On Tue, 17 Feb 2004 19:51:49 -0500, Shawn Pearce <spearce@REDACTED> 
wrote:

> Also due to the effects of the relatively small i-cache on some 
> processors, a well written emulator can in fact run faster than
> native code on very big applications.  If the application has very
> poor cache locatily in its instruction stream (randomly jumping to
> different functions) the i-cache can have a hard time keeping up.
> But if you move all of the code into the much larger d-cache (as
> in the case of an emulator) you can make the emulator fly
> as a much higher percentage of the application can be stored in the 
> d-cache.

Some work has been done on improving these aspects of BEAM, partly
due to Thomas Lindgren's work on low-level profiling of AXD 301
code, compiled with HiPE, JAM and BEAM. Björn G. took some of
Thomas's findings to heart and improved the cache hit ratio.

> Now this is easily worked around by using tools to reorder your native 
> code functions in the huge application such that they occur in execution 
> order.  I've seen this easily give a 40% performance boost (or more!)
> on x86 processors.  If you do this, you should easily beat the
> emulator.  :-)

I'm sure, but I've had reason to look at some low-level profiling
of large applications written in Rational RoseRT, with a mix of
generated and hand-written C++. Lots of pipeline stalls and cache
misses

>
>> >You end up filling up the memory too quickly and soon start 
>> deterioating
>> >performance.
>>
>> I don't think so - if you take a server with 1 GB RAM, the process vs.
>> thread overhead will cut the number of processes you can serve from tens
>> of billions to billions (under the worst-case assumption that threads
>> don't use any local data on their own).
>> As soon as every thread allocates a KByte of memory, the memory overhead
>> diminishes to a factor of two, and it decreases further as each thread
>> uses more memory.
>> But even in the worst case, I suspect that the true bottleneck is the
>> CPU, not RAM.
>
> Its more like RAM bandwidth.  Your CPU is most likely stalling on all of 
> the
> context switches due to the amount of data it must keep swapping on and 
> off
> of the chip core.  Cycling through a bunch of registers ain't cheap.  And
> whacking your pipeline on a very deeply pipelined processor is no walk 
> in the
> park either.  Then take into account the d-cache, i-cache and TLB misses 
> you
> incur on each switch, and things go downhill very fast.
>
> Of course, there are applications (like Mozilla!) that will just consume 
> all
> memory on your machine, and then some, so you better not run multiple 
> copies
> of them at once.  :-)
>
>> The quoted IBM paper gave numbers for a concrete test run: a server with
>> 9 GB of RAM and eight 700-MHz processors had a near-100% CPU usage, but
>> just 36% memory usage (when serving 623 pages per second).
>> More interesting is that server performance increased by a factor of
>> six (!).
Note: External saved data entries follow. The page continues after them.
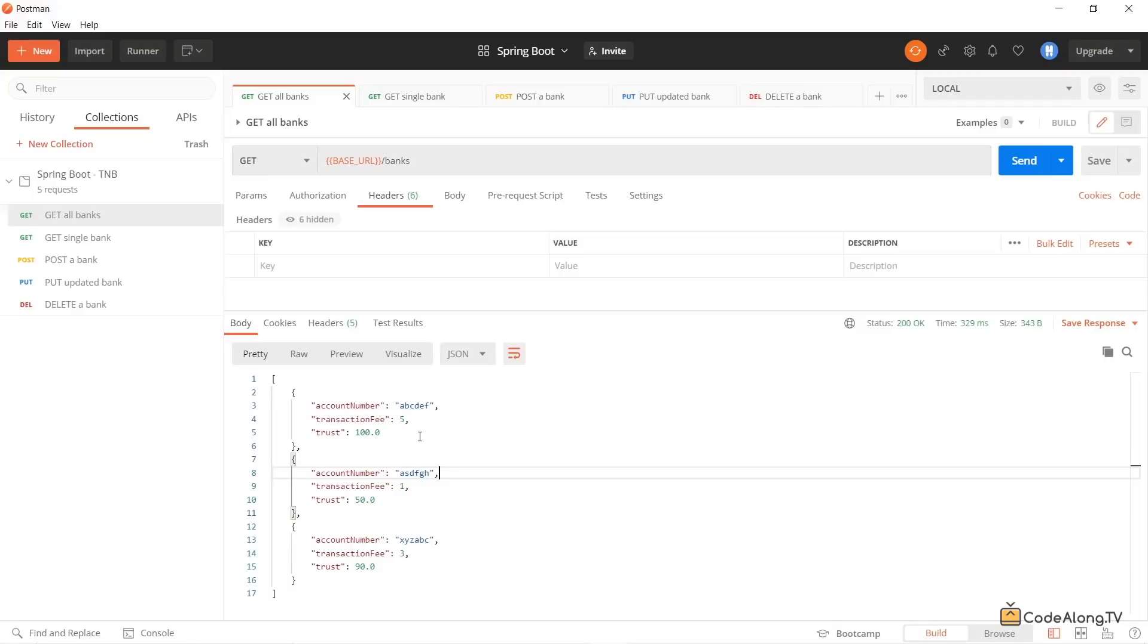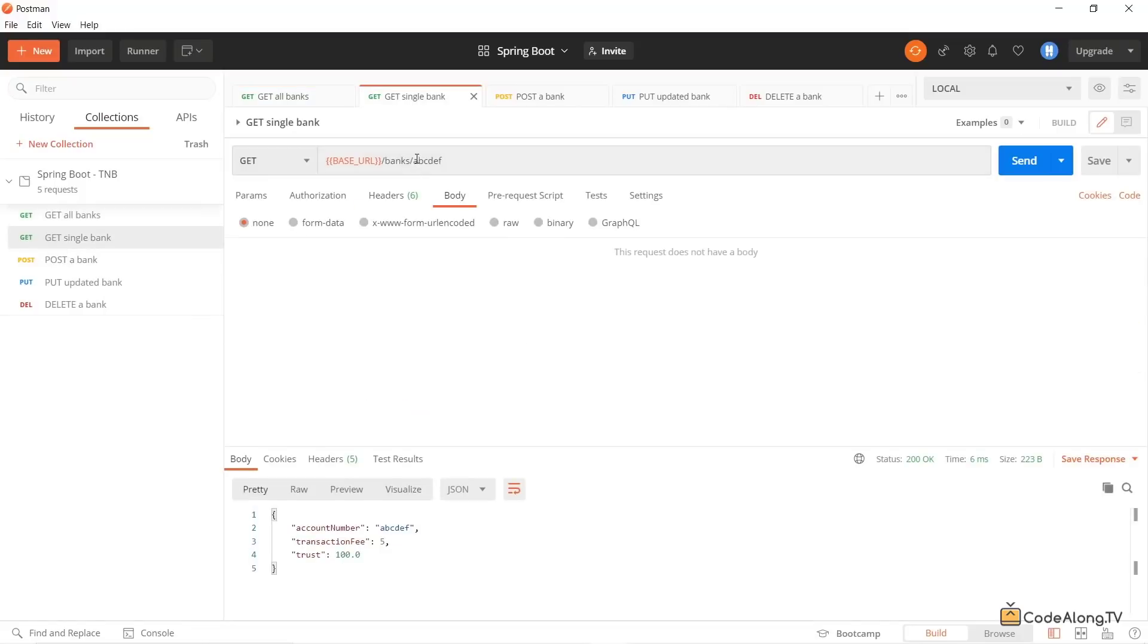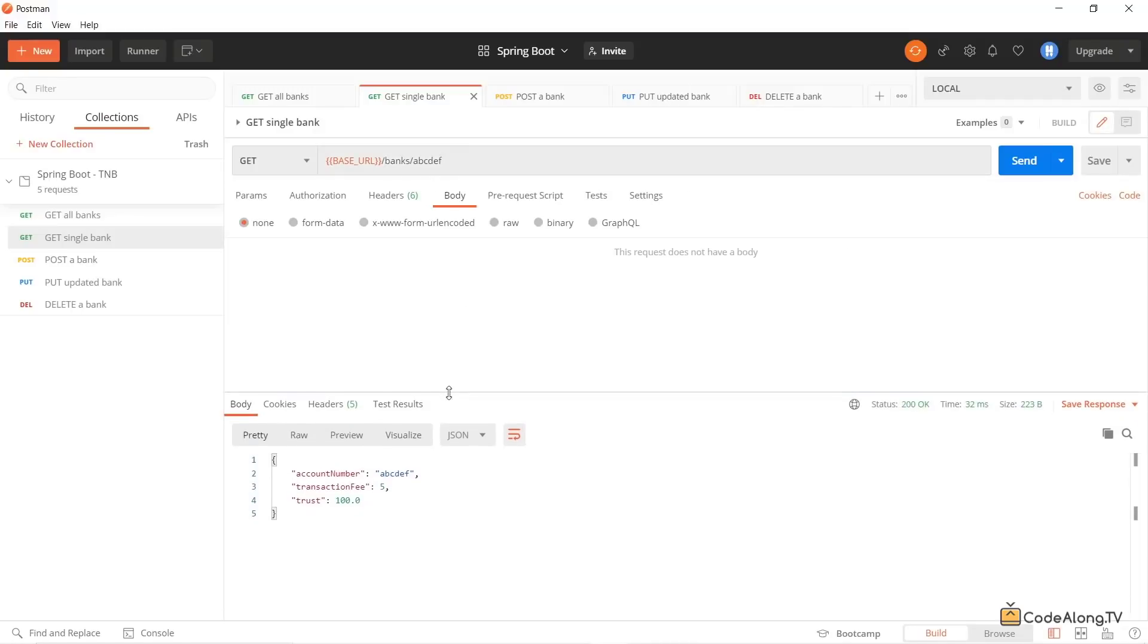It's not so much about the data. You could add different types of data, of course, if you want to. You can also fetch a single bank by appending the account number of the bank you're interested in. And then you can see over here the REST API will respond with just the bank that you requested.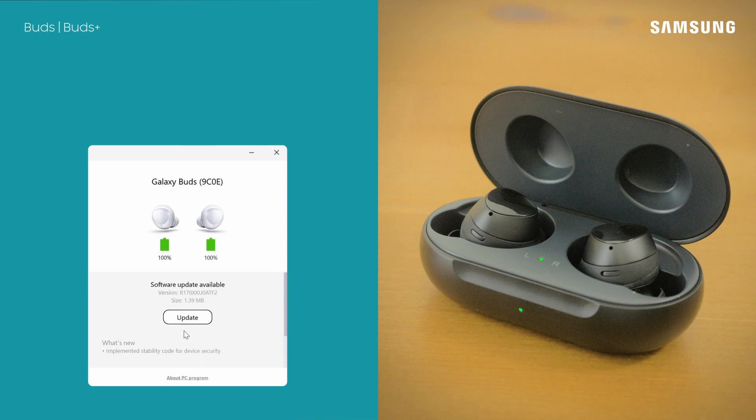You're all up to date! Keeping your software updated will ensure your earbuds continue to work well into the future.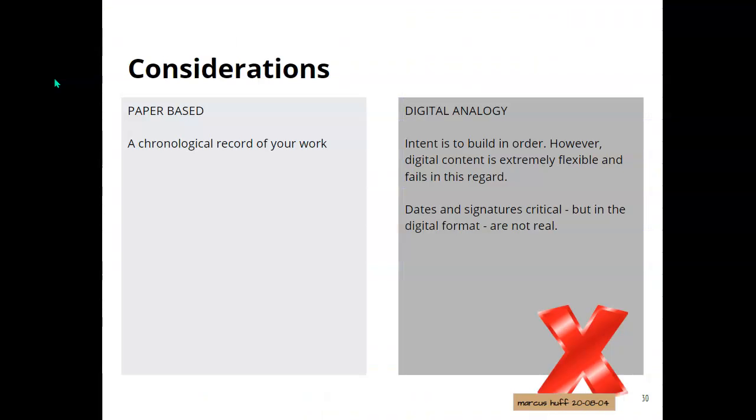Alright, some considerations for paper-based notebooks and where digital fails. For paper-based notebooks, if you work from the beginning and work your way through, dating and crossing out blank spaces and that sort of thing, you can produce a chronological record of your work. If you're inventing something on your own, this is a good idea to do this.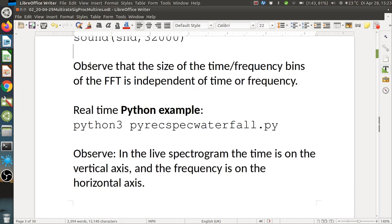The size of the time-frequency bins of the FFT is independent of time and frequency — they have the same shape regardless of which frequency or time you look at. The duration and bandwidth are the same for every subband. This is why it is called a uniform filter bank: uniform over both frequency and time.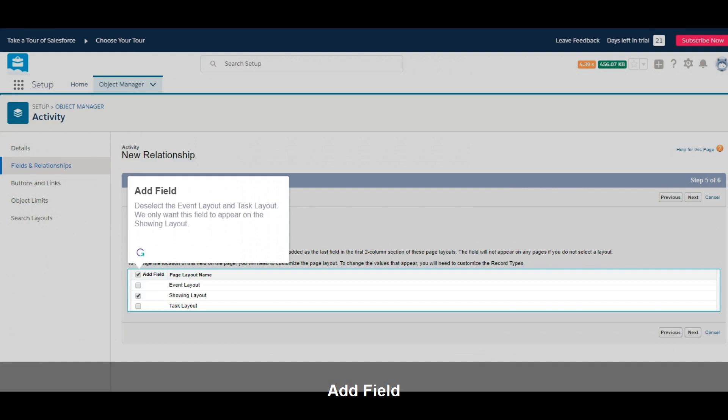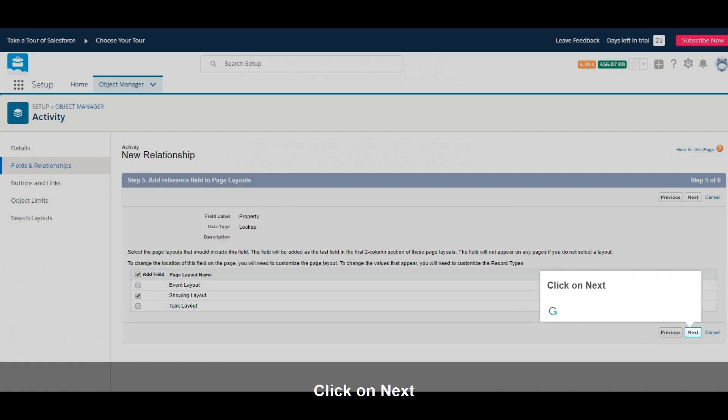Deselect the Event Layout and Task Layout. We only want this field to appear on the showing layout. Click on Next.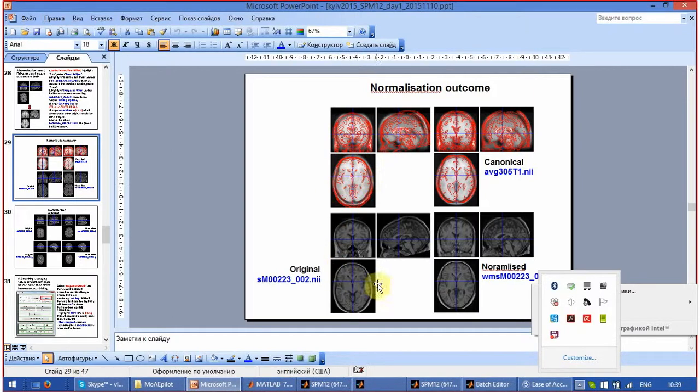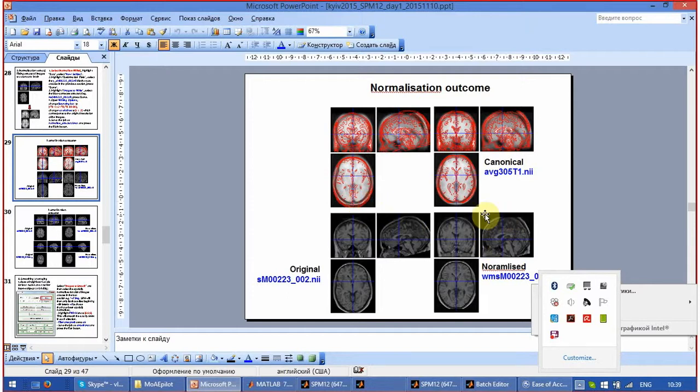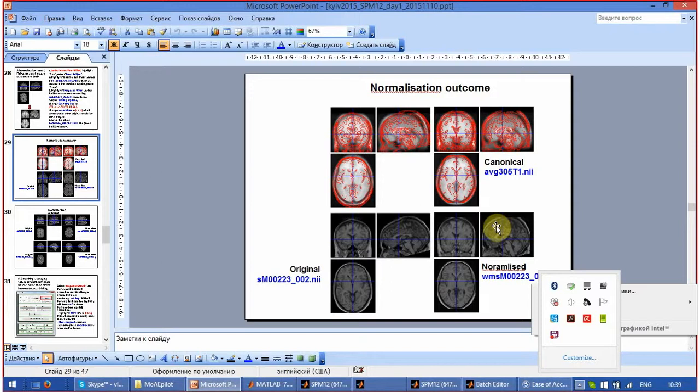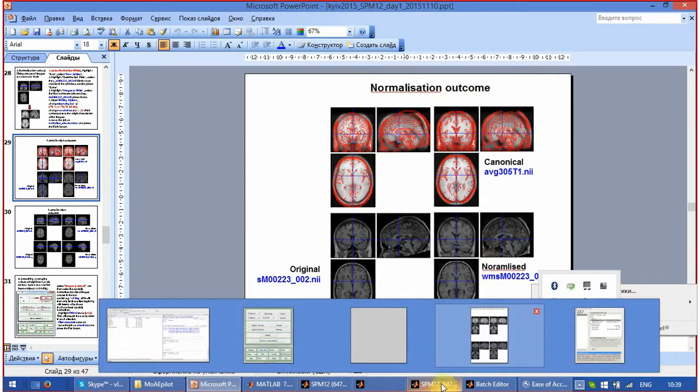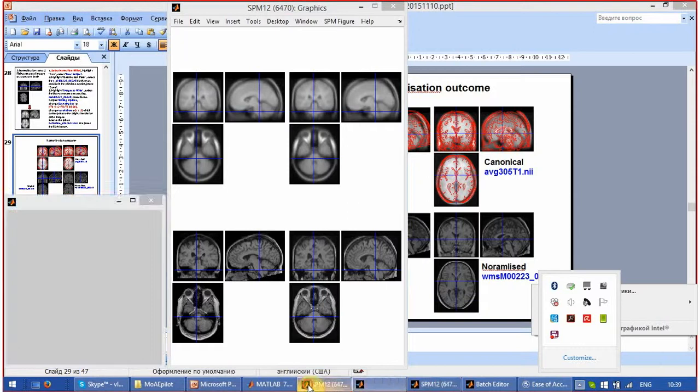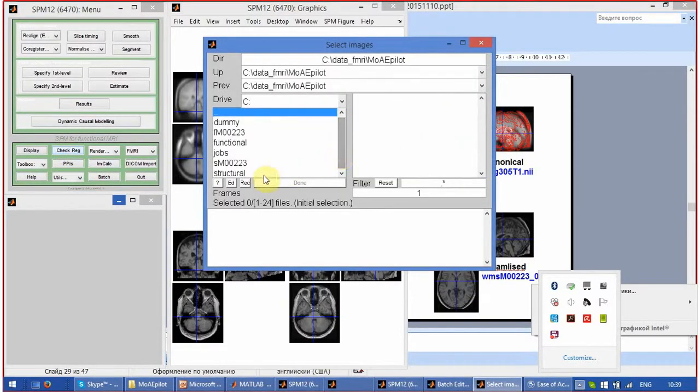Typically before the normalization, they don't fit the canonical variable just approximately, and after normalization the deformations were applied so that the correspondence between the canonical and the normalized image is maximum. Let's check it using the check range button. Go to canonical and pick the canonical image after.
Given that Yaws performance was ahead of Apache by a factor of
>> roughly 2.5 (at least on the benchmarks posted by Joe), it would be very
>> interesting to see how much Yaws profits from the new Linux kernel.
>
> Well, given that erts is bound to a single processor, you would need to
> create a cluster of erts nodes, all running yaws, with some type of load
> balancing front end.  This is one area Apache really shines in, as it
> easily allows this to be setup: because Apache is multi-process already, 
> it
> can easily share the single TCP server socket with all of its siblings 
> and
> decide who gets the next request.
>
> Does anyone think it might be possible to modify gen_tcp in such a way 
> that
> we could use multiple nodes on the same system all bound to the same TCP 
> port,
> and using some sort of accept lock between them?  I'd think this could 
> be done
> something like this:
>
> 	% Setup a server socket, but let it be shared by this Erlang node and 
> all
> 	% other process on this box.
> 	gen_tcp:accept(... [shared])
>
> 	% Have this node take over accepting all new connections.  This just 
> pokes
> 	% the socket into the erts event loop.
> 	gen_tcp:enable_accept(Port)
>
> 	% Have this node stop accepting new connections.  This just removes the
> 	% socket from the erts event loop.
> 	gen_tcp:disable_accept(Port)
>
> It might be necessary however (for performance reasons) to let the low 
> level
> C driver also perform its own accept lock using a sys-v IPC sem, flock, 
> fcntl,
> etc, on top of the Erlang managed enable and disable.    If the socket is
> enabled, then the driver should attempt to grab the accept lock, and only
> when it wins it it puts it into the erts event loop.  Clearly this might
> be difficult as the driver cannot block while trying to grab the accept 
> lock.
>
> Note that Linux doesn't require the accept lock I believe... I think its
> accept only returns the socket to one process.  But I'm not positive.
>

-- 
Ulf Wiger, Senior System Architect
EAB/UPD/S

This communication is confidential and intended solely for the addressee(s). Any unauthorized review, use, disclosure or distribution is prohibited. If you believe this message has been sent to you in error, please notify the sender by replying to this transmission and delete the message without disclosing it. Thank you.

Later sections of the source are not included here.